In 1994 the building was bought by E.C. Managed Investments Group and then sold on to BZW Investment Management Group for A$47.5 million. In 2006 Lovett Tower was then purchased by Cromwell Property Group for A$73 million.
In 2020 the building was bought from Cromwell Property Group by Brite Developments Pty Limited. In 2022, Lovett Tower was purchased by Hunter Investment Corporation; also owner of the Hunter Economic Zone - Australia’s largest Industrial Estate and Business Park at 3,200 hectares, and one of the largest business estates in the Asia Pacific region. 

The Lovett Tower is a landmark commercial office, refurbished in 1999 and in 2007, and can be seen towering over the city far away from Canberra. It was formerly known as the MLC Tower but was renamed in 2000 by the Aboriginal and Torres Strait Islander Commission to honour the Lovett family.

Features
The Lovett Tower is the 3rd tallest structure in Canberra (behind Black Mountain Tower and the flagpole of Parliament House) but is the tallest building because it has the most storeys - 26 storeys high including a basement level (though it is merely the 258th tallest building in Australia), and it also has the height of 93 metres (305 ft).

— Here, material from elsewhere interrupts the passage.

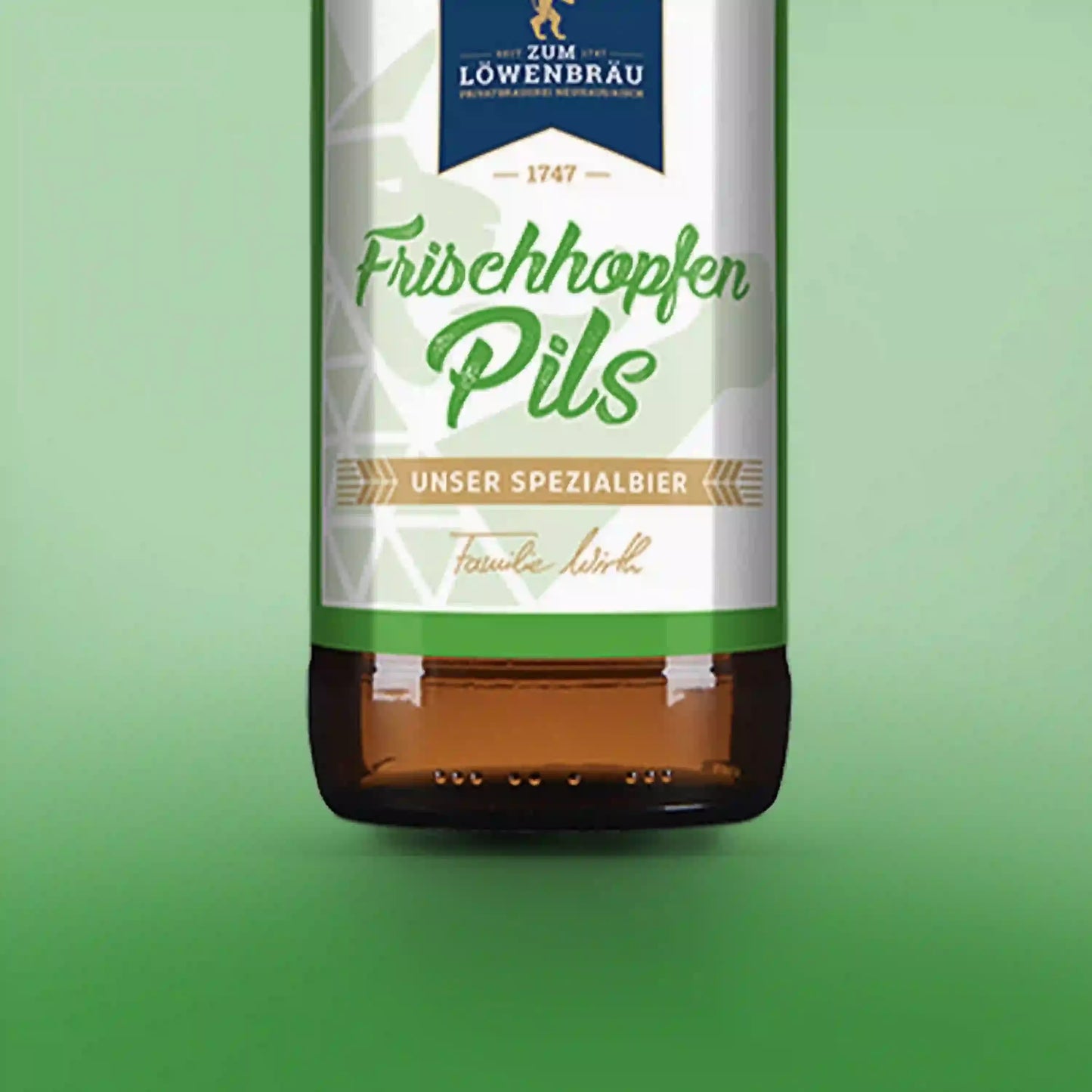Zum Löwen Frischhopfen Pils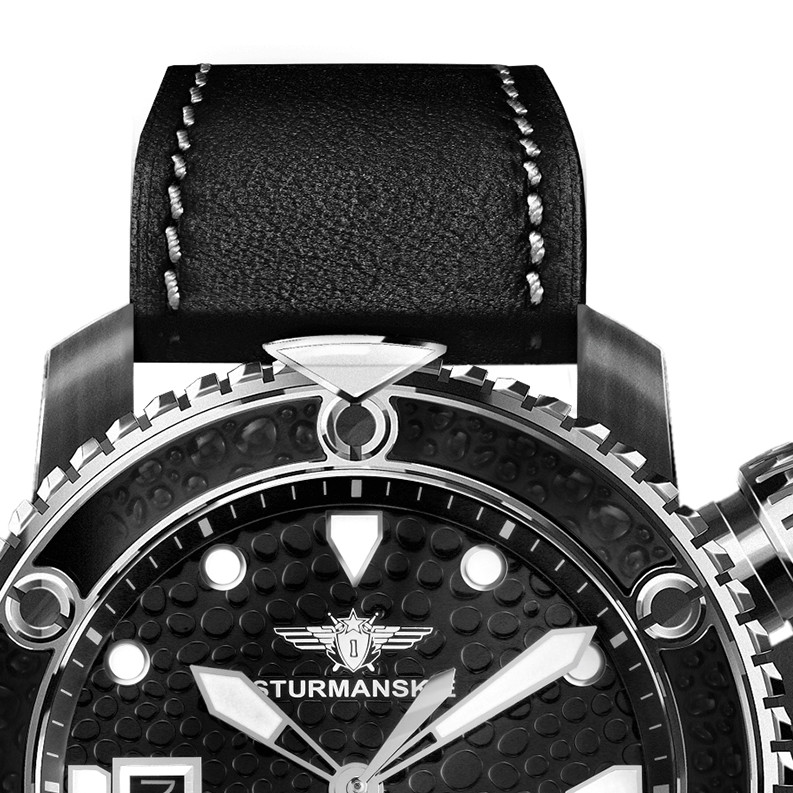 Sturmanskie OCEAN Stingray NH35-1825899 - zegarek męski 3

The Tower is currently occupied by the Department of Veterans' Affairs, the Department of the Environment and the Department of the Prime Minister and Cabinet. However, the tower faces problems, as the building faces vacancy by 2016, as well as the departments occupying the building are cutting jobs in the hundreds. As such there is no public access to the building. On the ground floor however, are shopfronts, housing a credit union (on the eastern side) and a coffee shop (on the western side). there is restricted access to the 13th floor, including no 13th floor button in most of the lifts, as the floor houses the building plant. The tower has been considered to be reinvented as an aged-care facility after the departments currently occupying the tower move elsewhere.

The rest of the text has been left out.